Make sure that the “can’t be missed diagnoses” are sufficiently unlikely (for example, perform an ultrasound or endometrial biopsy to lower the probability of endometrial hyperplasia and cancer, even though it is an unlikely diagnosis). Note that not every bad diagnosis needs a test performed to “exclude” it. I don’t want to miss ovarian cancer anymore than I want to miss endometrial cancer in a patient with postmenopausal bleeding; but the risk of ovarian cancer is already sufficiently low (0.066%) that I don’t routinely perform an ultrasound to look at ovaries. The risk of endometrial cancer however (about 5%) is too high to not do further evaluation (like an ultrasound or biopsy) to reduce this risk. Even after a negative ultrasound or endometrial biopsy, there is still a risk of endometrial cancer (both have significant false negative rates), but now the post-test probability (or risk) is similar to the risk of ovarian cancer – so we can stop worrying about it until we have a new reason to worry.

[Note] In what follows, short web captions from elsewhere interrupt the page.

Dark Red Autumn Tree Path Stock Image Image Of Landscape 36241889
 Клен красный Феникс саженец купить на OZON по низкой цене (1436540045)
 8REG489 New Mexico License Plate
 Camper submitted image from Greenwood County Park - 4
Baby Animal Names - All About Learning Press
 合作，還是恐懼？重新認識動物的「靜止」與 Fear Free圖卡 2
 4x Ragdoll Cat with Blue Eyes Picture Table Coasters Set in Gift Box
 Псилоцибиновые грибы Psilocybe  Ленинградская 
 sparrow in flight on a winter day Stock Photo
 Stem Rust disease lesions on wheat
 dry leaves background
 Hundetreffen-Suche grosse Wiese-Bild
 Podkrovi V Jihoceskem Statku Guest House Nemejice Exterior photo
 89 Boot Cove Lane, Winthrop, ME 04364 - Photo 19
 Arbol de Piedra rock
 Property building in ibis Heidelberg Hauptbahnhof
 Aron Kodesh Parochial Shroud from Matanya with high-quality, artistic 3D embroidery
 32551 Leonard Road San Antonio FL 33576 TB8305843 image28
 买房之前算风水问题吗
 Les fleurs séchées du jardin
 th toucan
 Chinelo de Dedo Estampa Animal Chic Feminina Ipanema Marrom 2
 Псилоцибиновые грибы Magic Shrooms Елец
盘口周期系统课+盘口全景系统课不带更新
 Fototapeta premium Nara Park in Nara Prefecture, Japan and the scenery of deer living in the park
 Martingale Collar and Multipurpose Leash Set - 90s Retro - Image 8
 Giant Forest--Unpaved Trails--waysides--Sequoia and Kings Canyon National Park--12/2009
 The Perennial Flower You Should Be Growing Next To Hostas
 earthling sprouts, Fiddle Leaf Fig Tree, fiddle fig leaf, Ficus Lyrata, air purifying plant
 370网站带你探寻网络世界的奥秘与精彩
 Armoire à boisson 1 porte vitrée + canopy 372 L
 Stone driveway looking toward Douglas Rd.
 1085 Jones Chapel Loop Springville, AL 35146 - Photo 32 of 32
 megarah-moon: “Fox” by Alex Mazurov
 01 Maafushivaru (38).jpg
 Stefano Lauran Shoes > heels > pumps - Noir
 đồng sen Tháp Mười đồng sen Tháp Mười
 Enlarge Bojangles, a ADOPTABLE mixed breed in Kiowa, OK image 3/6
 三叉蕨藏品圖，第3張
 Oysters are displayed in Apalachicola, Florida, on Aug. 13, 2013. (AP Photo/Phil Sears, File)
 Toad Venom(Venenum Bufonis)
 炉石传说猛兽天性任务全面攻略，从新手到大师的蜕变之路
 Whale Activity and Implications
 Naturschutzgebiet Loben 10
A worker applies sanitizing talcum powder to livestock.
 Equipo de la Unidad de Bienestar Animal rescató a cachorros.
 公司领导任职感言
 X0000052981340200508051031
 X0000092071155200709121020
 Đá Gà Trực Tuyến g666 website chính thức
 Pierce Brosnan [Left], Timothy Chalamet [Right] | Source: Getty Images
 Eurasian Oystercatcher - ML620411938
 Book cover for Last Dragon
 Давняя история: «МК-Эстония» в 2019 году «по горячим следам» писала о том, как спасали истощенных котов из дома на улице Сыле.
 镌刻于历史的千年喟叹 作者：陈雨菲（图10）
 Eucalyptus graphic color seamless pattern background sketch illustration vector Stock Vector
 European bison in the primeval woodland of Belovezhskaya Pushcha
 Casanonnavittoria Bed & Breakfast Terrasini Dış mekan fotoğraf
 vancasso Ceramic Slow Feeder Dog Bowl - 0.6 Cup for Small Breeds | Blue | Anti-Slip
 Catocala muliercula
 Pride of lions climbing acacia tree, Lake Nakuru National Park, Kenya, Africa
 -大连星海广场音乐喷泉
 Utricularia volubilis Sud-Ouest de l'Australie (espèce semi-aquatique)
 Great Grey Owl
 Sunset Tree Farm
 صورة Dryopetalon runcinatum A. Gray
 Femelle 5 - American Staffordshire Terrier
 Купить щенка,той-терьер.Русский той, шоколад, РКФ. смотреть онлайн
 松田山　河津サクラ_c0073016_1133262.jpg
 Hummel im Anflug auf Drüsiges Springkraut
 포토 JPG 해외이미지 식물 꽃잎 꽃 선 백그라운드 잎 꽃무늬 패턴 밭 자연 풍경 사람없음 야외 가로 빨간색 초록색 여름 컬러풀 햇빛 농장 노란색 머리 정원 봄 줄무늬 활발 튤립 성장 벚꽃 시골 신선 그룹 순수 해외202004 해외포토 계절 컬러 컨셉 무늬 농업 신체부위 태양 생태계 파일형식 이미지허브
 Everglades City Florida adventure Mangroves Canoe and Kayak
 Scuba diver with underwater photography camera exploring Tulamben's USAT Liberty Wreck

When new evidence emerges which calls the working diagnosis into question (like a failed response to treatment or new symptoms or test results), consider less likely diagnoses and even previously unconsidered diagnoses (someone out there has a hemangiopericytoma, but consider more common diagnoses first before spending resources on this Tasmanian tiger). Also, and importantly, reconsider previously “excluded” diagnoses. Let’s say that we “ruled out” endometrial cancer with a negative endometrial biopsy, but the patient persists in having bleeding. In that case, a D&C may be the most appropriate next step, because the risk of endometrial cancer in a patient with a negative endometrial biopsy is still higher than the risk of Tasmanian tigers like ovarian cancer. So we sometimes need to do a better test (or even repeat the same test again). This is also a good time to do a literature search and/or read current literature about the symptom. In other words, our System 1 thinking (which thrives in the green and goldenrod circles) has probably failed us, so we need to use a more thorough, System 2 approach to the problem.

That’s it. It works. Try it out. We are always giving patients our best guesses; we need to remember that they are all guesses and as such should be subject to revision as new information comes in. That’s what Bayesian updating is, and the process I have described here is Bayesian probabilistic reasoning. It allows me to give the most accurate answer I can to a variety of questions, ranging from my daughter asking me to guess two numbers to a patient asking me to find out why she has postmenopausal bleeding.